Directions for this task. Please write the following entries out once more, exactly.

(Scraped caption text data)
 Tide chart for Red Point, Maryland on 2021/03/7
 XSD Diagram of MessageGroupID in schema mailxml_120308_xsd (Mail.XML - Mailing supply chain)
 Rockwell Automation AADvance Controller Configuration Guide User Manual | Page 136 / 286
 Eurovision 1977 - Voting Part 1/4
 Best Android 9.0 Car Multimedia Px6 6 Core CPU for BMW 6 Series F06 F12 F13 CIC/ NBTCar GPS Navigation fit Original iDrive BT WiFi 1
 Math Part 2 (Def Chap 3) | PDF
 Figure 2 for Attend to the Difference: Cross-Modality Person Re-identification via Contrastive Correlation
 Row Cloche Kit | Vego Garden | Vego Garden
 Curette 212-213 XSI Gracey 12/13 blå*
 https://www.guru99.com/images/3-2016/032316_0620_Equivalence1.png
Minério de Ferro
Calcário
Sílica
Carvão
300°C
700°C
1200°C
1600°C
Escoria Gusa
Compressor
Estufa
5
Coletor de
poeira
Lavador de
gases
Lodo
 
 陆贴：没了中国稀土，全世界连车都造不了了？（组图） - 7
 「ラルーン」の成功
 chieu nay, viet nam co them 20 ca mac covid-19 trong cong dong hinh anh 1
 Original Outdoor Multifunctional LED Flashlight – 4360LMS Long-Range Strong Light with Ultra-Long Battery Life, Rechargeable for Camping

Output for this task.
 Tide chart for Red Point, Maryland on 2021/03/7
 XSD Diagram of MessageGroupID in schema mailxml_120308_xsd (Mail.XML - Mailing supply chain)
 Rockwell Automation AADvance Controller Configuration Guide User Manual | Page 136 / 286
 Eurovision 1977 - Voting Part 1/4
 Best Android 9.0 Car Multimedia Px6 6 Core CPU for BMW 6 Series F06 F12 F13 CIC/ NBTCar GPS Navigation fit Original iDrive BT WiFi 1
 Math Part 2 (Def Chap 3) | PDF
 Figure 2 for Attend to the Difference: Cross-Modality Person Re-identification via Contrastive Correlation
 Row Cloche Kit | Vego Garden | Vego Garden
 Curette 212-213 XSI Gracey 12/13 blå*
 https://www.guru99.com/images/3-2016/032316_0620_Equivalence1.png
Minério de Ferro
Calcário
Sílica
Carvão
300°C
700°C
1200°C
1600°C
Escoria Gusa
Compressor
Estufa
5
Coletor de
poeira
Lavador de
gases
Lodo
 
 陆贴：没了中国稀土，全世界连车都造不了了？（组图） - 7
 「ラルーン」の成功
 chieu nay, viet nam co them 20 ca mac covid-19 trong cong dong hinh anh 1
 Original Outdoor Multifunctional LED Flashlight – 4360LMS Long-Range Strong Light with Ultra-Long Battery Life, Rechargeable for Camping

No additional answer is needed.